Lisa strode towards him, giving the shovel a menacing swing with each step. ‘Another conference in Singapore?’
‘Consulting,’ Jake said, clearing his throat in a way he always did when nervous. ‘Sydney.’
His blue shirt and Clintonesque tie looked wildly out of place. ‘Wow!’ he said, attempting charm. ‘Downton Down Under.’
‘Have you seen Portia?’
‘Yeah, I dropped by Venice Beach on the way here.’
‘How is she?’
‘Her feet starred in a shoe advertisement. And she said to tell you she ate a plate of ice cream in front of me.’
‘And did she?’
‘What are you, the diet police?’
He was clearly aching to be asked inside so he could snoop around. She offered him the veranda sofa instead.
‘Mind the springs,’ she said.
‘That was quite a drive,’ he said. ‘You wouldn’t have a glass of water, would you?’
He wanted hospitality as well?
‘Where’s Belle?’ she asked, leaning the shovel against the balustrade. She wouldn’t hit him with it—just yet.
‘Meditation retreat in Thailand. Cleaning her chakras or something.’ He rearranged his weight on the sofa. ‘What is this? Some kind of acupuncture machine?’
She stifled amusement.
‘Look, Ted phoned the other night,’ he said, taking a handkerchief from his pocket and dabbing his brow. ‘I had no idea.’
‘About what?’
‘Why are you always so flippant?’
‘Why do you always say I always do things?’
‘Stop.’ He sounded weary. He rested his head in his hands. ‘Where did we go wrong?’ he said, his voice cracked with emotion.
‘Nowhere. He’s still Ted.’
‘Did I spend too much time at work?’
‘Did Elvis eat too many hamburgers?’
Jake’s eyes became moist. He hardly ever cried. Surely he wasn’t expecting her to hug him? ‘I should’ve taken him fishing.’
‘Fishing?!’
‘Or football. Male bonding, that sort of thing.’ Jake must’ve picked up a self-help book in some airport.

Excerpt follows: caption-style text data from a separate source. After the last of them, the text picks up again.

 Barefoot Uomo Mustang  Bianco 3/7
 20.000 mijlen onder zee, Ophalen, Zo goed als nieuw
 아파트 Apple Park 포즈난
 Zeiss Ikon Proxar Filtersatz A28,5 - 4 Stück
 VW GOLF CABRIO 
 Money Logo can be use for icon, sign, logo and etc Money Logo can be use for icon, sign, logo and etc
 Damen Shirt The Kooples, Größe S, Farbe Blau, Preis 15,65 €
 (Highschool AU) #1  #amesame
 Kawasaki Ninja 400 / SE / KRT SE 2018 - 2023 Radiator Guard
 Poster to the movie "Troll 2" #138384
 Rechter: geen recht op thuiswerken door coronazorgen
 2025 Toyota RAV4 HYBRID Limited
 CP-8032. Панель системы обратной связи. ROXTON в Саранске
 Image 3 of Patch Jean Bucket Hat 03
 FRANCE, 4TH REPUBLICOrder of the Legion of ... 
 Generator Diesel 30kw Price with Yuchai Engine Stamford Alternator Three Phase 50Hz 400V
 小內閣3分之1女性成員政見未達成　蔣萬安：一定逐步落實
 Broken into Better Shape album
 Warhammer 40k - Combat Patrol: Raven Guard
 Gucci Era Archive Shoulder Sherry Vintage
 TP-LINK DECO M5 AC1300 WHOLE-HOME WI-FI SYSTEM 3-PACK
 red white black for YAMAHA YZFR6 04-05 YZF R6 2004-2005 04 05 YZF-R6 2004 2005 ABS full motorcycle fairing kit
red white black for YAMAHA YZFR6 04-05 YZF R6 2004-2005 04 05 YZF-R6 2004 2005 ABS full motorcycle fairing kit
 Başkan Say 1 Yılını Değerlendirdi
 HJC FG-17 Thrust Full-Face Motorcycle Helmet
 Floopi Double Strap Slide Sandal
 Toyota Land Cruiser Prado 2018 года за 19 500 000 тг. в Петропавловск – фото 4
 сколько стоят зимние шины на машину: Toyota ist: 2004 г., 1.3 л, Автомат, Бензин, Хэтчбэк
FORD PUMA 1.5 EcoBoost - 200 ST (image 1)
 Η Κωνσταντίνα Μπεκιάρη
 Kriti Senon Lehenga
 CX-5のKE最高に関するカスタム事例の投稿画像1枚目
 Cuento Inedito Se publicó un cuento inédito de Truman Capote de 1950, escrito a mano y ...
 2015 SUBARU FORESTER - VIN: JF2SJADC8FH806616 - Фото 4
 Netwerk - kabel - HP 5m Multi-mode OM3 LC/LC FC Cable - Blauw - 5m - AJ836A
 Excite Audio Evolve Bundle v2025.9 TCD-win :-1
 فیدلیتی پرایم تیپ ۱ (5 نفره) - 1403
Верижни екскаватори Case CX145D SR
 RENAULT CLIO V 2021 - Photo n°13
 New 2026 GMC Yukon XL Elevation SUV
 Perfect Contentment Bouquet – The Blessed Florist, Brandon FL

‘It wouldn’t have changed anything. Have you met James? He’s lovely. A Kiwi boy.’
‘I can’t believe it.’
‘You should be happy for him.’
‘My son the poofter.’
Lisa was losing patience. Why couldn’t Jake sift through his turmoil in the privacy of his own head? ‘What does Belle say?’
‘It’s a silent retreat. I can’t call till Thursday.’
The skin around his eyes seemed taut. He had a vaguely Japanese air.
‘You look so young, Jake. Is that the kiss of the plastic surgeon’s blade?’
‘No! Oh god no! I wouldn’t do that in a million years . . .’ He cast a longing gaze at the front door. ‘Do you have a tap inside or do I go find a well?’
Much as he’d hurt her, he was the father of her children, so she allowed him to trail after her through the sun-dappled hallway.
‘Quite a place,’ he said.
She led him to the kitchen and shook a couple of biscuits onto a plate.
‘When we were over the Pacific Ocean this time, a guy had a heart attack in the row in front of me.’
‘Was he okay?’
‘No, they put this oxygen mask on him . . .’
‘Poor guy.’
The fridge hummed in sympathy. Jake shook his head. ‘I don’t want to die on a plane,’ he said quietly.
‘At least it would be in Business Class.’
He shot her a rueful look. ‘What’s that thing?’ he said, changing the subject. He pointed.
‘Wood-burning stove.’
‘You cook on that? Isn’t that taking your punishment in the desert a bit far? Jesus, Lisa, where’s your bed of nails?’
He asked if she needed help with anything. He was obviously feeling sorry for her now. She took him outside and handed him the shovel.
Then, standing in the shade of the veranda, Lisa folded her arms and watched with satisfaction as one rat buried another.